简体   繁体   English

UnicodeDecodeError:在每行的列中应用 function

[英]UnicodeDecodeError: with apply function in column for each row

I have a dataframe and I want to encode each word in my column by using soundex , so I have to use split because Soundex take only the first word我有一个 dataframe 并且我想使用soundex对列中的每个单词进行编码,所以我必须使用 split 因为Soundex只接受第一个单词

then I apply this line of code but I got this error:然后我应用这行代码,但我得到了这个错误:

table['soundex'] = table['name'].apply(lambda x:' '.join([jellyfish.soundex(i) for i in x.split()]))

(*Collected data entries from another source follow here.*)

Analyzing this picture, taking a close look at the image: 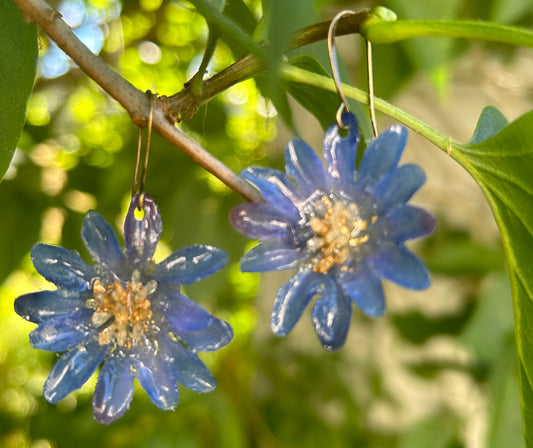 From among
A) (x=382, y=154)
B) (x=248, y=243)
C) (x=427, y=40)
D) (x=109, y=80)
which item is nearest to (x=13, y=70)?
(x=109, y=80)

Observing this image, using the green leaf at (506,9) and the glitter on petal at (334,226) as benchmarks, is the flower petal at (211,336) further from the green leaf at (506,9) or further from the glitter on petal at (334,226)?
the green leaf at (506,9)

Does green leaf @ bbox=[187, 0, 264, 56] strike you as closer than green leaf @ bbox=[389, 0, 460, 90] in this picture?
Yes

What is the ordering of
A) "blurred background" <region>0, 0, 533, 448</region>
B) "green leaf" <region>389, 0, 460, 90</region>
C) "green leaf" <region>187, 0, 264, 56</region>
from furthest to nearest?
"blurred background" <region>0, 0, 533, 448</region> < "green leaf" <region>389, 0, 460, 90</region> < "green leaf" <region>187, 0, 264, 56</region>

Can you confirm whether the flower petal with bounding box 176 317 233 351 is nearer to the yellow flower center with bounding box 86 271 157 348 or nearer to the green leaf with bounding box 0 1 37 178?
the yellow flower center with bounding box 86 271 157 348

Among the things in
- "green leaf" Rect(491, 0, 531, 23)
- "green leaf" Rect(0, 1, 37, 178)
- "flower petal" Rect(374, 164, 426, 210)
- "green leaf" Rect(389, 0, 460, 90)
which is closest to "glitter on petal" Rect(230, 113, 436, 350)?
"flower petal" Rect(374, 164, 426, 210)

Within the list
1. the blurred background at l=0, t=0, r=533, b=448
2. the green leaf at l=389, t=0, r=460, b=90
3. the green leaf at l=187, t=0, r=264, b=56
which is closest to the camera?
the green leaf at l=187, t=0, r=264, b=56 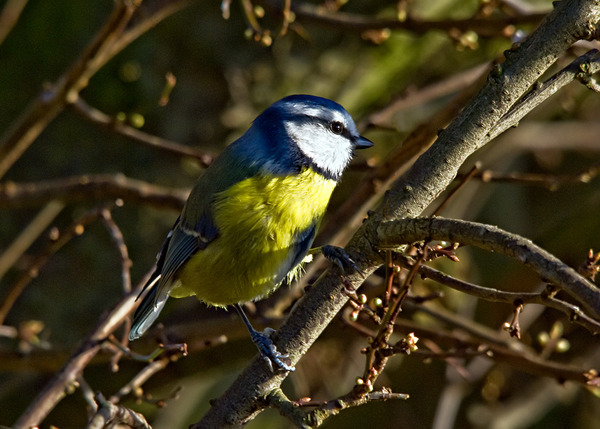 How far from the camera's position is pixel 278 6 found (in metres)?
2.91

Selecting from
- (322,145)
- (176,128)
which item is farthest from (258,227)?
(176,128)

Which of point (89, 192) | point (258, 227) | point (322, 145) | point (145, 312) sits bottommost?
point (145, 312)

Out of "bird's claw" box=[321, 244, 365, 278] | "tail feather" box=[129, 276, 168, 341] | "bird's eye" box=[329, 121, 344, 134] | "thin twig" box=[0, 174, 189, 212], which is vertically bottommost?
"tail feather" box=[129, 276, 168, 341]

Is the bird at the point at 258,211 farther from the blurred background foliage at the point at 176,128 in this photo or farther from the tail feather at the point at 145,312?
the blurred background foliage at the point at 176,128

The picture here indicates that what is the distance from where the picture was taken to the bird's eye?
2508mm

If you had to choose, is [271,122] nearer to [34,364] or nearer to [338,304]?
[338,304]

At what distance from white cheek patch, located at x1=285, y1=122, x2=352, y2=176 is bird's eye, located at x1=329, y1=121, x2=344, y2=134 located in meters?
0.02

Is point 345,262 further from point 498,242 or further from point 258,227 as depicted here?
point 258,227

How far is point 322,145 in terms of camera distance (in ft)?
7.93

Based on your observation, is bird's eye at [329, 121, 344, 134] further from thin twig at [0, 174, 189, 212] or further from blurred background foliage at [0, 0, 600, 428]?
blurred background foliage at [0, 0, 600, 428]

UnicodeDecodeError: 'utf-8' codec can't decode byte 0xce in position 0: invalid continuation byte

and when I tried to apply it in other columns it works and they all same data type当我尝试将它应用到其他列时它可以工作并且它们都是相同的数据类型

my data source is a database and I have create a name column through cleansing steps I mean it is not original from the data source.我的数据源是一个数据库,我通过清理步骤创建了一个名称列,我的意思是它不是来自数据源的原始数据。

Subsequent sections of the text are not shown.